In the case above, IIUC, where the proposal puts start_address in the FRE, these costs will be (much) higher.

In addition, not being able to identify stack trace information per function will affect the JIT usecase. We need to able to mark stack trace information stale for functions in JIT environment.

I think the first conceptual landing point in the information layout should be a per-function entry.

But wait, there's more...

The binary search could be made significantly faster using a small fast
lookup array which is indexed evenly across the text address offset
space, similar to what ORC does:

u32 fre_chunks[num_chunks];

The text address space (starting at offset 0) can be split into
'num_chunks' chunks of size 'chunk_size'. The value of
fre_chunks[offset/chunk_size] is an index into the fres[] array.

Taking my gdb binary as an example:

.text is 6417058 bytes, with 146997 total sframe FREs. Assuming a chunk
size of 1024, fre_chunks[] needs 6417058/1024 = 6267 entries.

For unwinding at text offset 0x400000, the index into fre_chunks[] would
be 0x400000/1024 = 4096. If fre_chunks[4096] == 96074 and
fre_chunks[4096+1] == 96098, you need only do a binary search of the 24
entries between fres[96074] && fres[96098] rather than searching the
entire 146997 byte array.

.sframe size calculation:

374 unique fre_data entries (out of 146997 total FREs!)
= 374 * (2 * 3) = 2244 bytes

146997 fre entries
= 146997 * (4 + 2) = 881982 bytes

.text size 6417058 (chunk_size = 1024, num_chunks=6267)
= 6267 * 8 = 43869 bytes

Approximate total .sframe size would be 2244 + 881982 + 8192 = 906k,
plus negligible header size.
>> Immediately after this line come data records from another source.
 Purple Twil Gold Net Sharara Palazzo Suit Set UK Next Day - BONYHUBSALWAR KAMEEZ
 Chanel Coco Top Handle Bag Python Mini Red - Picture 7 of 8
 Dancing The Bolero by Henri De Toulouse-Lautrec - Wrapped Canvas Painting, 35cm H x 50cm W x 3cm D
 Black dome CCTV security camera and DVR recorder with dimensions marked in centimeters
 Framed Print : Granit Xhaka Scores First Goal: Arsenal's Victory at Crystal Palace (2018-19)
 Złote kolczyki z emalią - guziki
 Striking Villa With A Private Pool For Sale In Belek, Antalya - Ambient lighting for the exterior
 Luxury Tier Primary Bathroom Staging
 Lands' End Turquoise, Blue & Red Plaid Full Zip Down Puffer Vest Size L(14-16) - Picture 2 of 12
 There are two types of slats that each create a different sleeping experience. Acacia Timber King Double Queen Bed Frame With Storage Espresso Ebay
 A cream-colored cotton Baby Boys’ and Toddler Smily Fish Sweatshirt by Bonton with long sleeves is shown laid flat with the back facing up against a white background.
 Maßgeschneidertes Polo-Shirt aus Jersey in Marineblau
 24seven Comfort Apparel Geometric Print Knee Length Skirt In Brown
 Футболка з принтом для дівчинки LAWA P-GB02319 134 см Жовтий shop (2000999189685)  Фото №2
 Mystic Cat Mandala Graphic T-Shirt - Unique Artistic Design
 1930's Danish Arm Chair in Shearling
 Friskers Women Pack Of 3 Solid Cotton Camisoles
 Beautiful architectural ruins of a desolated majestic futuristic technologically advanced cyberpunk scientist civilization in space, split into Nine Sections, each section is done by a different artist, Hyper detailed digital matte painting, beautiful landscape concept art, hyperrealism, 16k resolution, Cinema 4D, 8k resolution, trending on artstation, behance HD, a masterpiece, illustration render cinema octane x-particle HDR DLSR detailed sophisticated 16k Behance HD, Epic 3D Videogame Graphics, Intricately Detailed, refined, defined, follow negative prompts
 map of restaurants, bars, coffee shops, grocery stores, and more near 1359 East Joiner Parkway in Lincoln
Which is smaller than the v2 .sframe on my
gdb binary (985k).

With the chunked lookup table, the avg lookup is:

log2(146997/6267) = ~4.5 iterations

whereas a full binary search would be:

log2(146997) = 17 iterations

So assuming I got all that math right, it's over 3x faster and the
binary is smaller (or at least should be roughly comparable).

Of course the downside is it's an all new format. Presumably the linker
would need to do more work than it's currently doing, e.g., find all the
duplicates and set up the data accordingly.